Ben
Ben

Reputation: 525

What does the string at the beginning of a ZSH commandline mean?

The commandlines in my terminal begin with my username and a string of letters, numbers and dashes:

ben@u-081-c214 ~ % 

I understand that ~ is the path (in this case my home directory), and I guess that % means the end of that string and that the shell is waiting for my input (similar to the $ in bash), but what does the rest of the string mean?

Lines in bash used to begin with the shell name and version number:

bash-3.2$ bash --version
GNU bash, version 3.2.57(1)-release (arm64-apple-darwin24)
Copyright (C) 2007 Free Software Foundation, Inc.
bash-3.2$

Lines in zsh don't:

ben@u-081-c214 ~ % zsh --version
zsh 5.9 (arm64-apple-darwin24.0)
ben@u-081-c214 ~ %

So what does that string mean? I'm on a Mac if that makes a difference.


Also, what is the name for the whole of this string before the user input (ben@u-081-c214 ~ % or bash-3.2$)? I have been searching the internet for an answer to my question, but without knowing that name I couldn't find anything related to it.

Upvotes: -3

Views: 48

Answers (2)

amrita yadav
amrita yadav

Reputation: 161

ben@u-081-c214 ~ % is your zsh Prompt. And

  • ben : This is your username.
  • u-081-c214 : This is your hostname, which is the name of your computer on the network.
  • ~ : ~ means your home directory (/Users/ben).
  • % : The default prompt symbol in zsh.

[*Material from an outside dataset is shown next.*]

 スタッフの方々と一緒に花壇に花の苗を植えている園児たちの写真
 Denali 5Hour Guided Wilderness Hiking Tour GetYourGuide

(In bash, the prompt typically ends with $ (for normal users) or # (for root))

  • In zsh, % is used instead of $.

Upvotes: 1

choroba
choroba

Reputation: 242123

It's called "prompt" and its contents depends on the value of the special variable $PS1.

The string u-081-c214 is most probably the expansion of %m, i.e. the machine name (hostname).